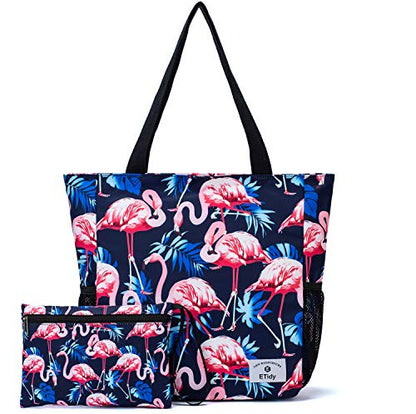 ETidy Large Capacity Foldable Tote Bag With Zipper - color: Flamingo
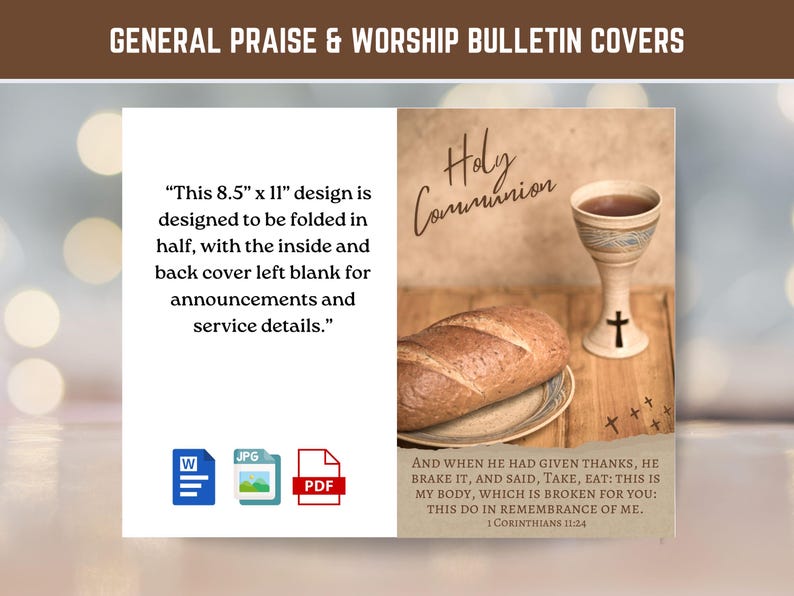 Church Bulletin Cover Art and Template Do This in Remembrance of Me ...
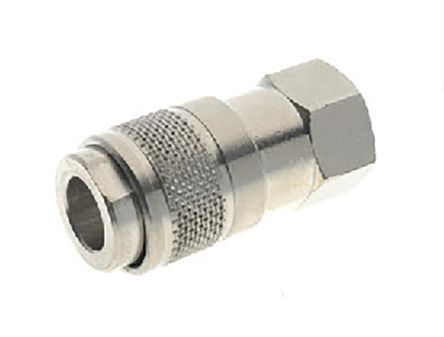 0011200001, RS PRO Pneumatic Quick Connect Coupling Nickel Plated Brass 1/8in Threaded, Муфта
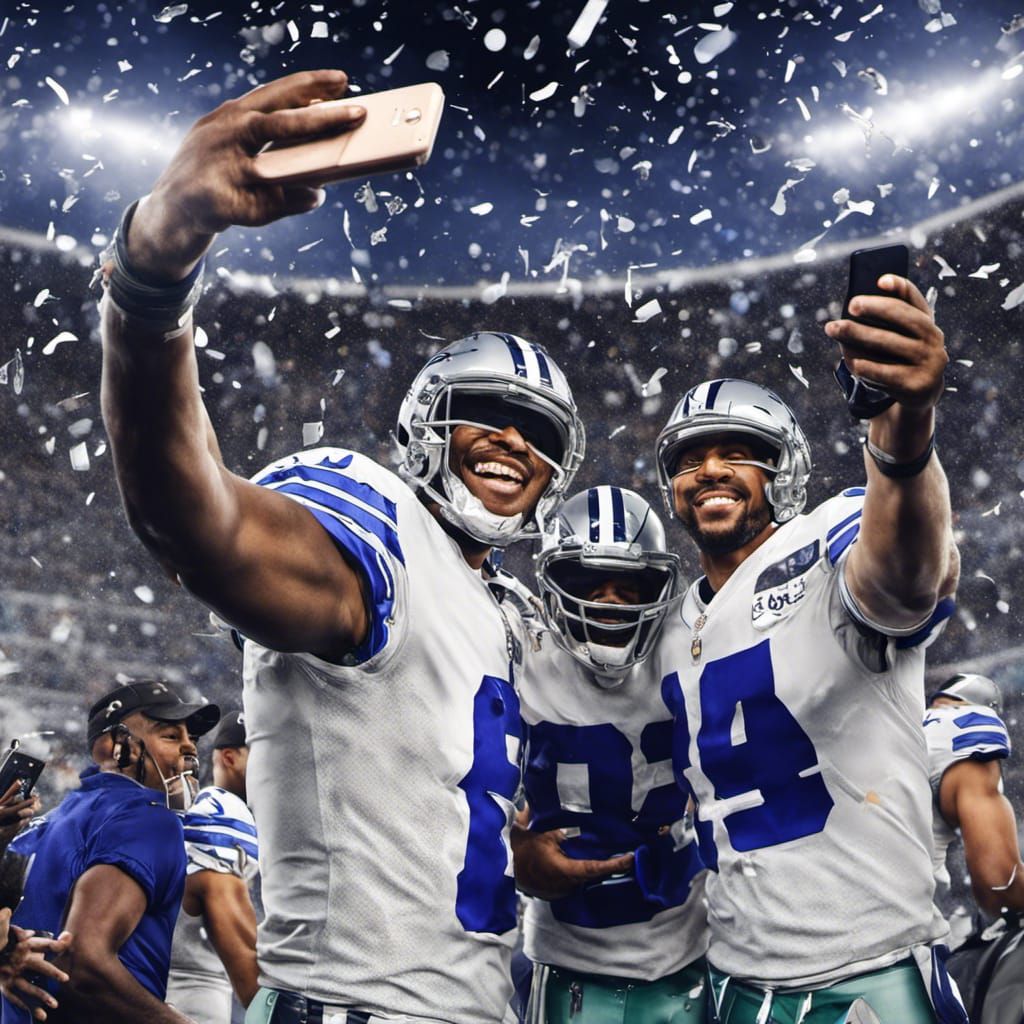 three Dallas Cowboys NFL players taking a selfie at the Super Bowl after a win, confetti, camera flashes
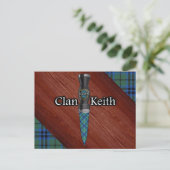 Clan Keith Tartan Sgian Dubh Blade Postkarte (Stehend Vorderseite)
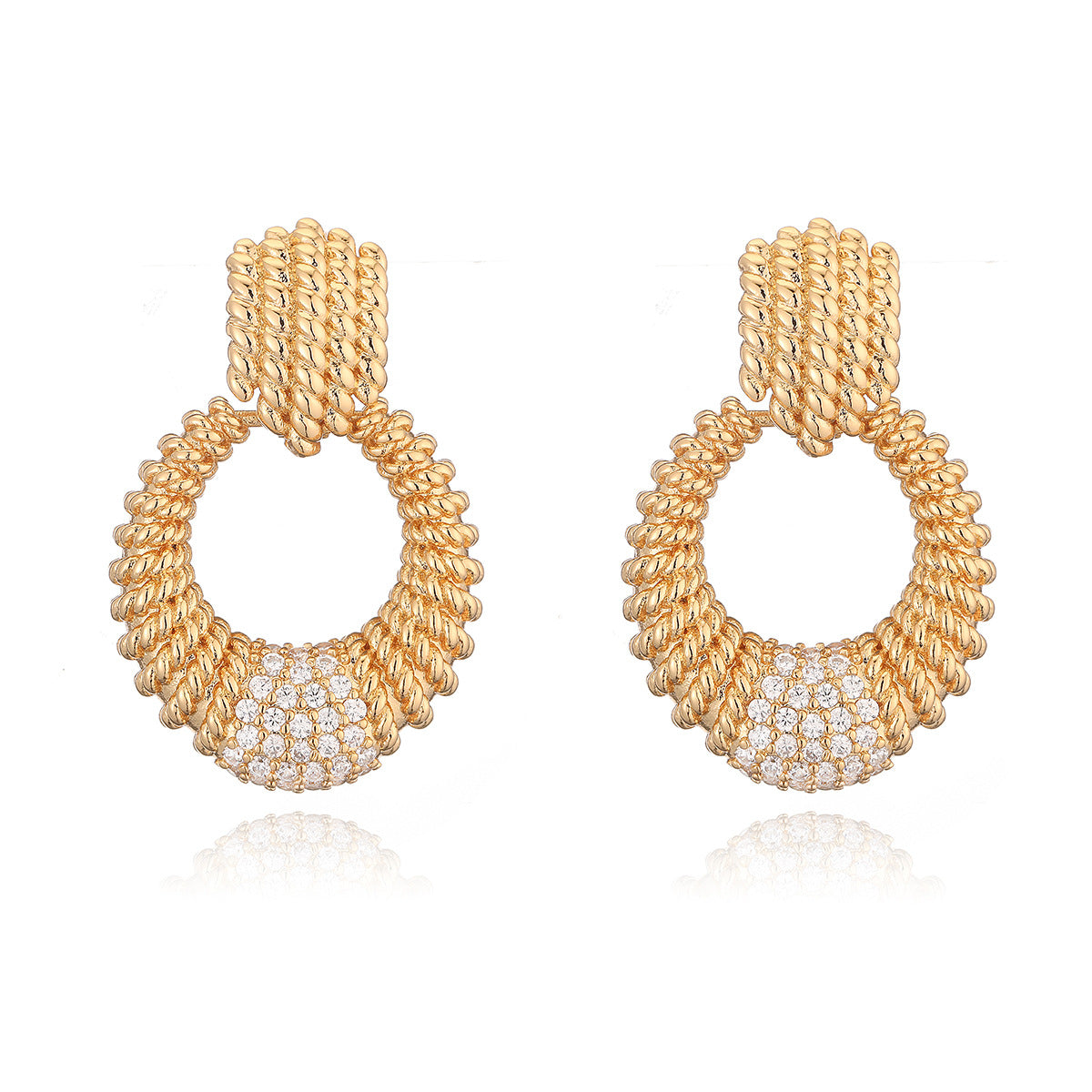 Pendientes de Cobre Geométricos de Estilo Vintage con Baño de Oro de 18K y Detalles de Circonitas para Mujer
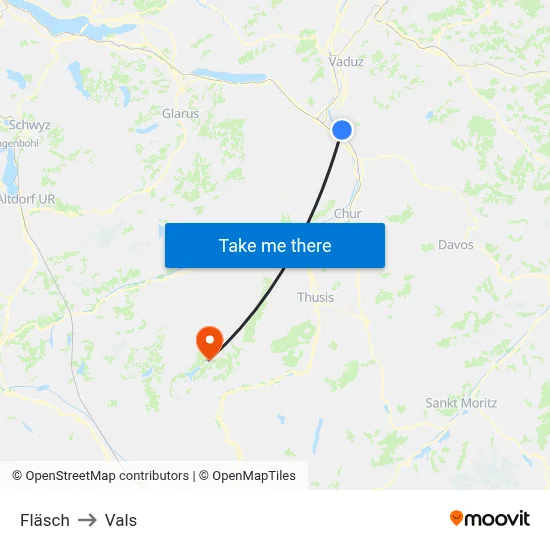 Fläsch to Vals map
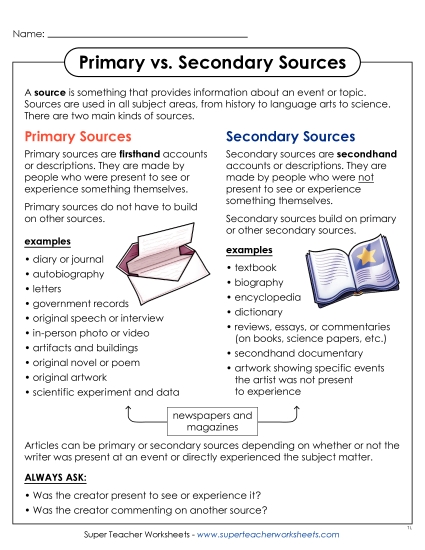 Both Primary & Secondary Sources - Primary vs. Secondary Sources Anchor Chart (Printable PDF Worksheet)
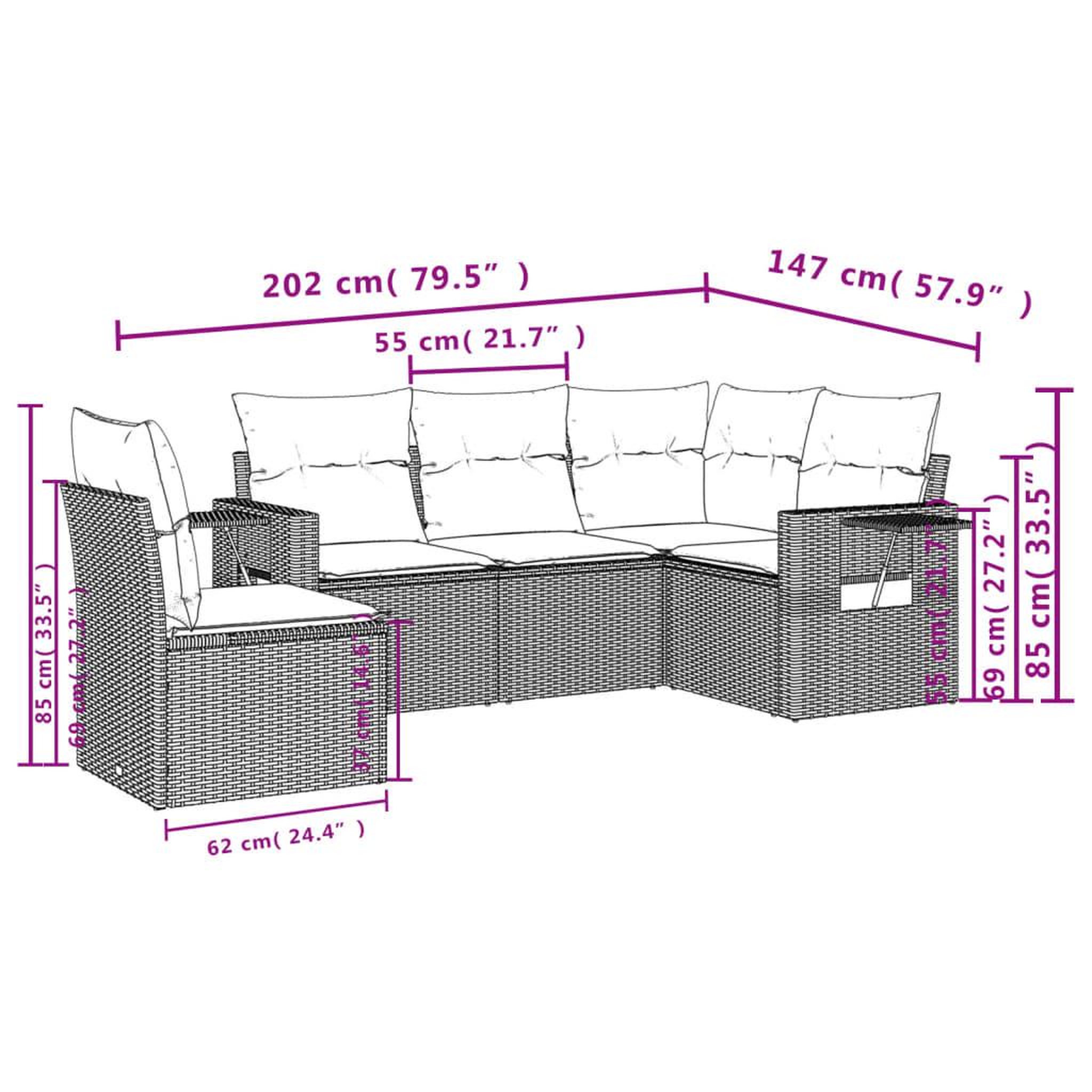 Voir la diapositive 6 : VIDAXL Salon de jardin 5 pcs avec coussins noir resine tressee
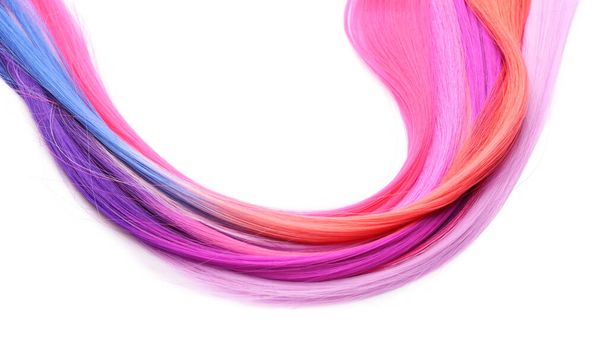 Красочные пряди волос на белом фоне
 - Фото, изображение
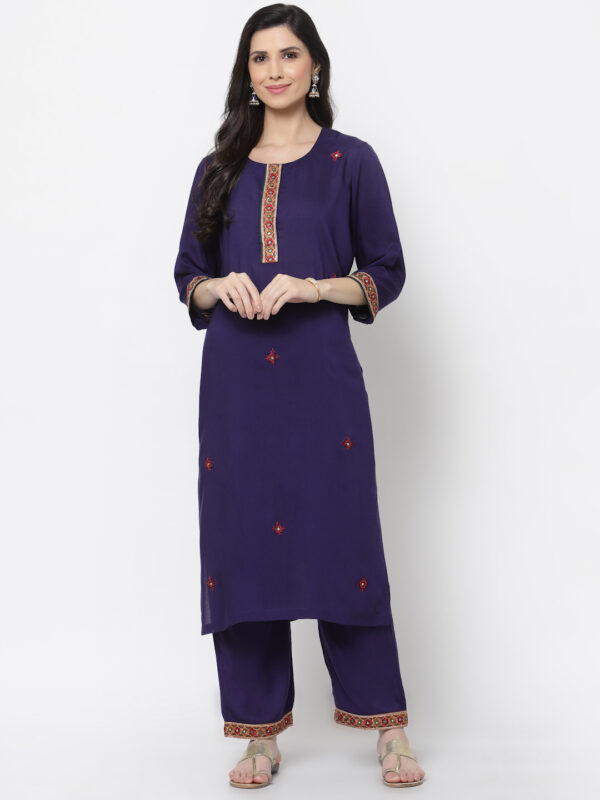 Hand Embroidered Navy Blue and Russian Violet Thread Work Kurta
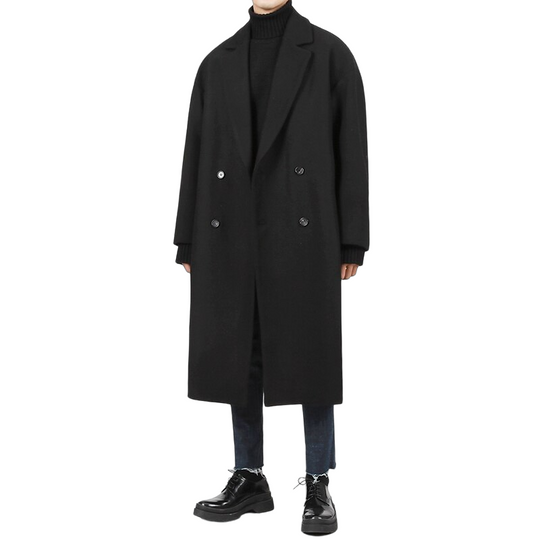 Herren Oversize Mantel Mit Doppelreihiger Knopfleiste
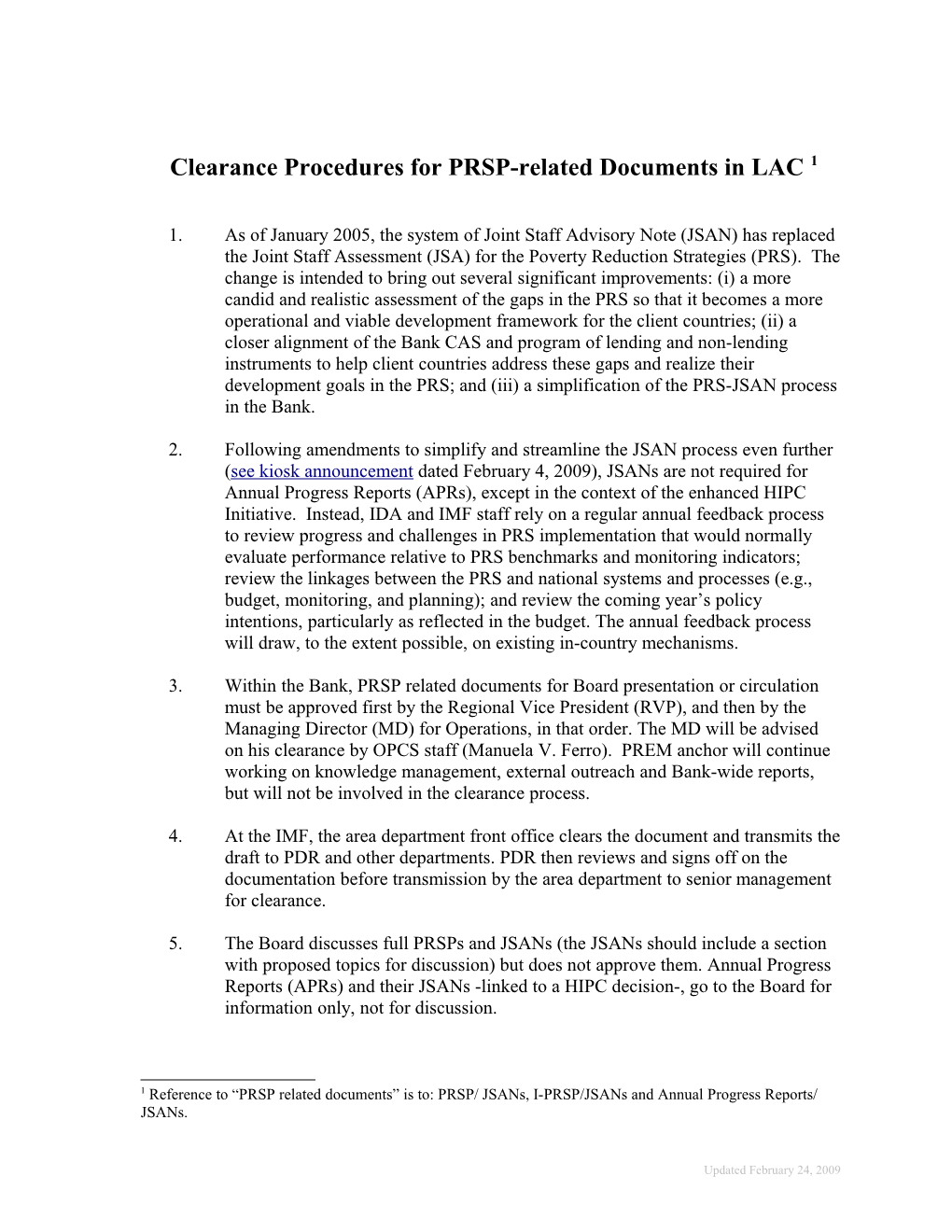 Final Clearance Procedures For I-PRSP/JSA And PRSP/JSA Documents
----
# Work instruction:
All lines from the beginning of the material through the line that holds "Fläsch to Vals map", both included, should be returned exactly; please omit any pictures and add no other lines.

# Your solution:
 ETidy Large Capacity Foldable Tote Bag With Zipper - color: Flamingo
 Church Bulletin Cover Art and Template Do This in Remembrance of Me ...
 0011200001, RS PRO Pneumatic Quick Connect Coupling Nickel Plated Brass 1/8in Threaded, Муфта
 three Dallas Cowboys NFL players taking a selfie at the Super Bowl after a win, confetti, camera flashes
 Clan Keith Tartan Sgian Dubh Blade Postkarte (Stehend Vorderseite)
 Pendientes de Cobre Geométricos de Estilo Vintage con Baño de Oro de 18K y Detalles de Circonitas para Mujer
 Fläsch to Vals map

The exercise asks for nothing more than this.